WORK INSTRUCTION:
Only the lines from the one with "Construction building site" through the final line below belong in the answer, copied exactly and without pictures.

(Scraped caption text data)

[Start of section]

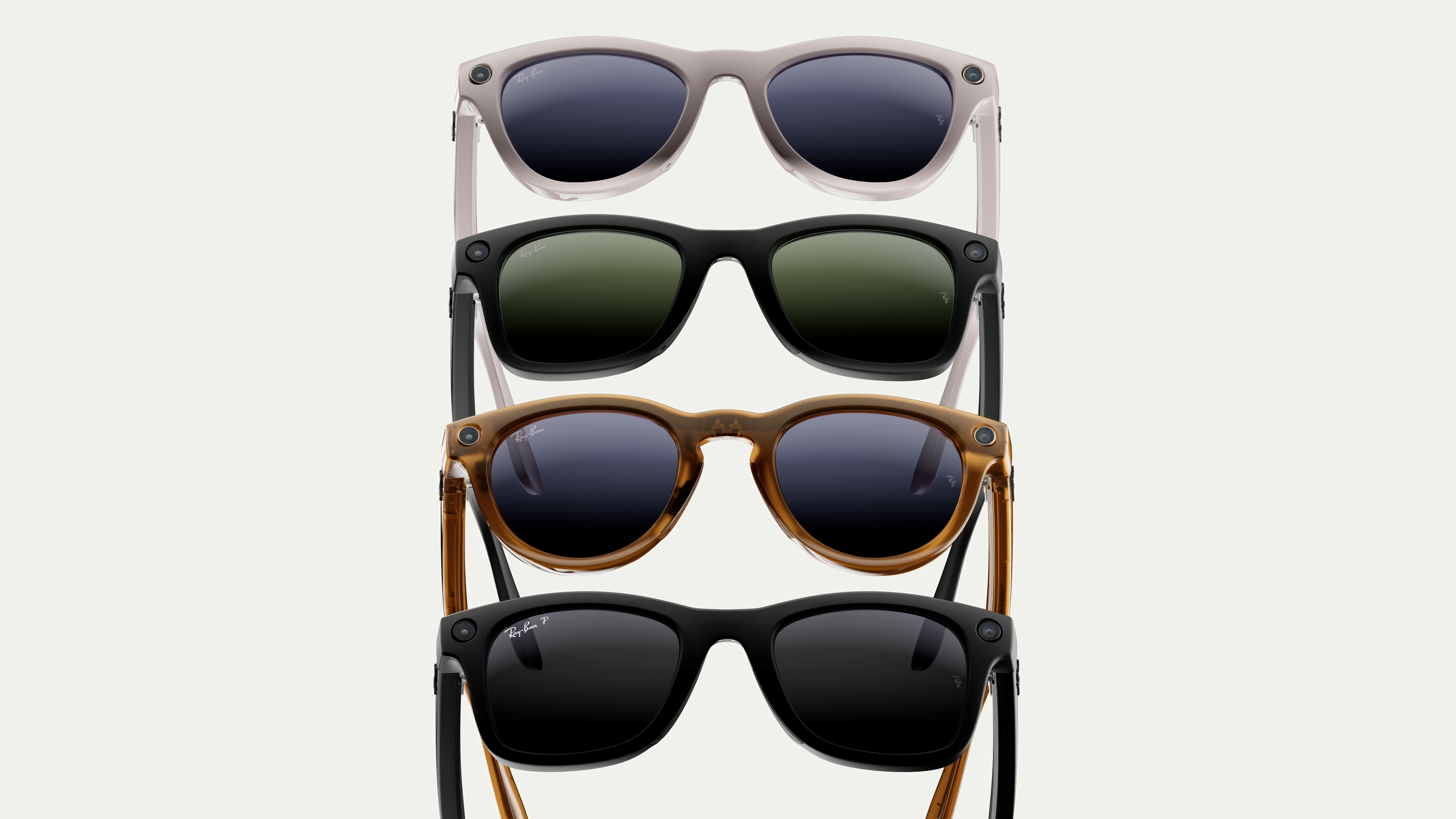 A render of four different styles of Ray-Ban Meta smart glasses stacked atop one another in a white void.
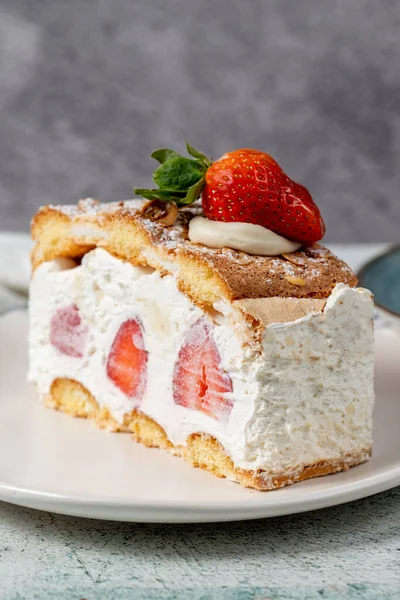 Strawberry and whipped cream cake. Strawberry and cream layer cake on plate. close up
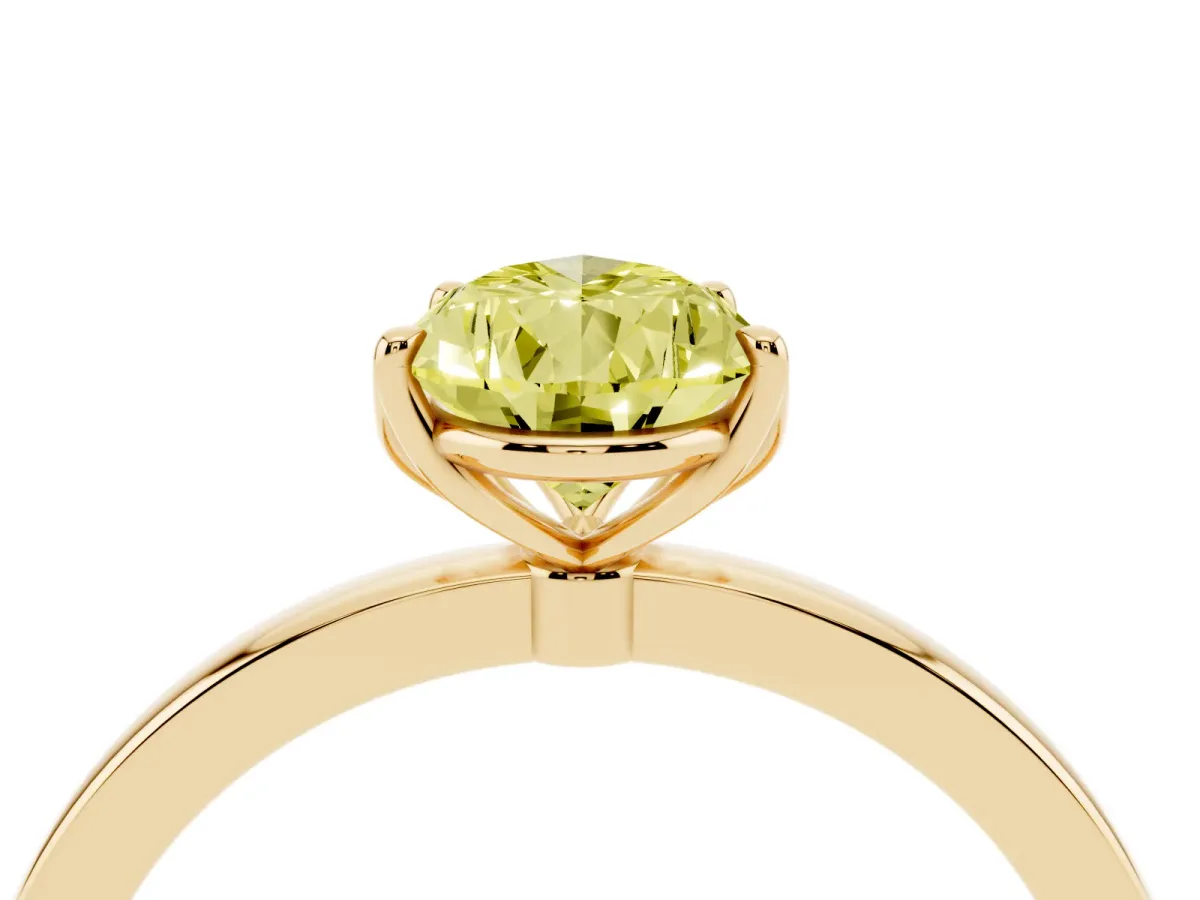 Fancy Yellow Pear Cut Diamond Solitaire Ring with Thin Band and Prong Setting Yellow gold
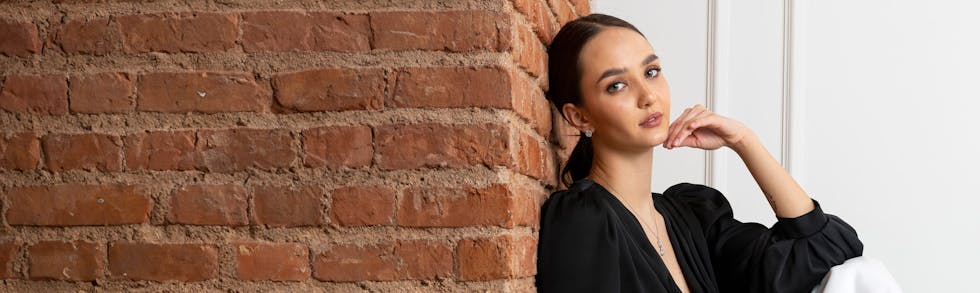woman resting against brick wall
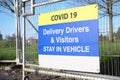 Construction building site Covid-19 health and safety sign for delivery driver Royalty Free Stock Photo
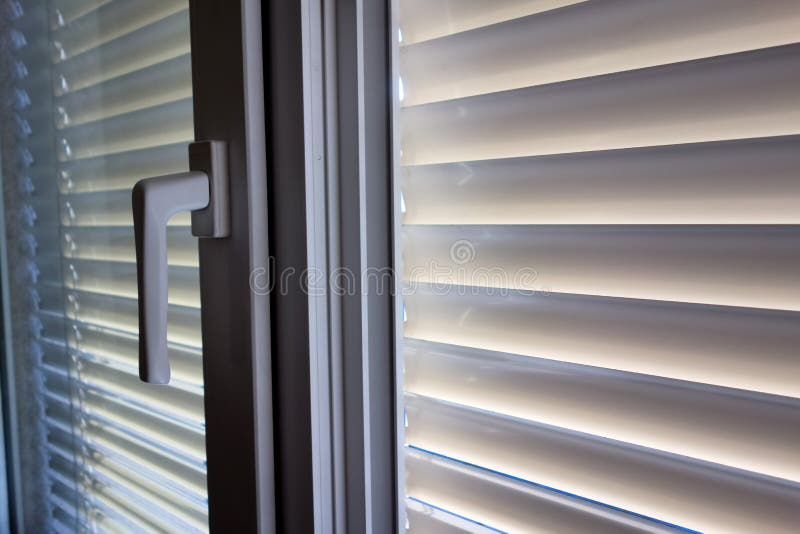 Venetian blinds for shade at the window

[End of section]

OUTPUT OF THE TASK:
 Construction building site Covid-19 health and safety sign for delivery driver Royalty Free Stock Photo
 Venetian blinds for shade at the window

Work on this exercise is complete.